Altoona Area Vocational-Technical Education Association and Richard E. Stout (Appellants) appeal from an order of the Court of Common Pleas of Blair County (trial court) granting the petition to vacate an arbitration award filed by Altoona Area Vocational-Technical School (Appellee). For the reasons set forth below, we affirm.
Richard E. Stout was employed by Appellee as a sheet metal instructor and, during the 1984-1985 school year, was certificated only in that subject area. By letter dated May 17, 1985, Stout was notified by Appellee that because of declining enrollments, Appellee planned to discontinue the sheet metal program for the 1985-1986 school year and, as a result, also planned to suspend Stout effective August 31, 1985.1 Stout was subsequently advised that although his benefits would continue until August 31, 1985, his suspension would be effective June 13, 1985, the last day of the 1984-1985 school year. On June 24, 1985, Appellee’s Operating Committee voted to suspend Stout effective June 13, 1985.

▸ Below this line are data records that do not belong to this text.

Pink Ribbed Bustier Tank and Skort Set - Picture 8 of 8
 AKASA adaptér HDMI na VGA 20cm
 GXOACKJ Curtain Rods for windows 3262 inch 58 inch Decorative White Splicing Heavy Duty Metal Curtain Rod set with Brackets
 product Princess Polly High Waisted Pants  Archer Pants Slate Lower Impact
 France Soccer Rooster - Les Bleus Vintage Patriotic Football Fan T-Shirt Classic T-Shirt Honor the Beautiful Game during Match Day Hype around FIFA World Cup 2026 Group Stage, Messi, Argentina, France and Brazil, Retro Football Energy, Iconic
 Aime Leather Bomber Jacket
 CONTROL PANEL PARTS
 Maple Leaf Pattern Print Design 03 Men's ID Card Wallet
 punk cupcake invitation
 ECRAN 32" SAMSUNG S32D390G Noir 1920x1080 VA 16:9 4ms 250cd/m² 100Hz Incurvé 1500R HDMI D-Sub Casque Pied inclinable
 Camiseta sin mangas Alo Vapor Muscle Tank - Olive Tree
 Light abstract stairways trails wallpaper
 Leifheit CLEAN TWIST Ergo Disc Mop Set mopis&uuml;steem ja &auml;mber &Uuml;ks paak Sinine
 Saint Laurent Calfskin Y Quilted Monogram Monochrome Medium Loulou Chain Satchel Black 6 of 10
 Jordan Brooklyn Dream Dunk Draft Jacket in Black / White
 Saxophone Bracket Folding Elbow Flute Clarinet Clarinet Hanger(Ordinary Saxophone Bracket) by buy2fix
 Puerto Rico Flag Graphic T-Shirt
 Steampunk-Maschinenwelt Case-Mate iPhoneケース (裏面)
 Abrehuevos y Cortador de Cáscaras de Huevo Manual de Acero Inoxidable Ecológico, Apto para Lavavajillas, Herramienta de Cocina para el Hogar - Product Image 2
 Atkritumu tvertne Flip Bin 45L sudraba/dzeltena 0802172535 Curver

Stout then requested a hearing pursuant to section 553 of the Local Agency Law, 2 Pa. C.S. § 553. A hearing was held on August 26, 1985, at which time Stout informed Appellee that he was in the process of becoming certificated in another area of vocational teaching, but had not yet received official notice of certification. After Stout waived *320his right to a written adjudication and requested an immediate decision, Appellee upheld Stout’s suspension.
At the September 23, 1985 meeting of Appellee’s Operating Committee, Stout requested and was granted a sabbatical leave effective August 26, 1985.2 Appellee further waived the requirement that Stout return to his employment at the conclusion of his sabbatical.3
Stout filed a timely appeal from the suspension decision with the trial court at Stout v. Altoona Area Vocational-Technical School (No. 1882 C.P.1985, filed July 18, 1988). In his appeal, Stout contended that pursuant to section 1125.1 of the Public School Code of 1949 (Public School Code), Act of March 10, 1949, P.L. 30, as amended, added by section 3 of the Act of November 20, 1979, P.L. 465, as amended, 24 P.S. § 11-1125.1, Appellee was required to realign its professional staff in light of his seniority and anticipated certification.4 Stout also filed a motion for an evidentiary hearing in order to present additional evidence, namely, the official certification which he received subsequent to the local agency hearing. The trial court declined to take additional evidence and affirmed Stout’s suspension. By order dated June 27, 1988,5 the trial court concluded that Appellee was entitled to rely on Stout’s certification as of the effective date of suspension when making a determina*321tion as to realignment of the professional staff. The trial court determined that because Stout was certificated only in sheet metal on the effective date of his suspension, Appellee was not required to realign its staff to provide him with another position for which he might be certificated in the future. Although Stout appealed the trial court’s affirmance of his suspension to this court, he later withdrew that appeal. See Appellants’ brief at 5.
While Stout’s appeal from the local agency decision was progressing through the trial court, Appellants filed a grievance on April 21, 1986, contesting Stout’s suspension and Appellee’s refusal to realign its professional staff for the 1986-1987 school year. A hearing was held before an arbitrator on August 6, 1986, at which time Appellants asserted that Appellee had violated the collective bargaining agreement, to which Appellants and Appellee were parties, by failing to employ Stout in a position for which he had become certificated. The arbitrator determined that: (1) the issues of the propriety of the suspension and duty to realign were arbitrable under the terms of the parties’ collective bargaining agreement; (2) that Stout was not precluded by his local agency appeal from proceeding to grievance arbitration; and (3) that Appellee improperly suspended Stout because the sabbatical leave granted to Stout effectively extended his employment through the end of the 1985-1986 school year. Accordingly, the arbitrator sustained the grievance and ordered Appellee to consider realignment of its professional staff for the 1986-1987 school year.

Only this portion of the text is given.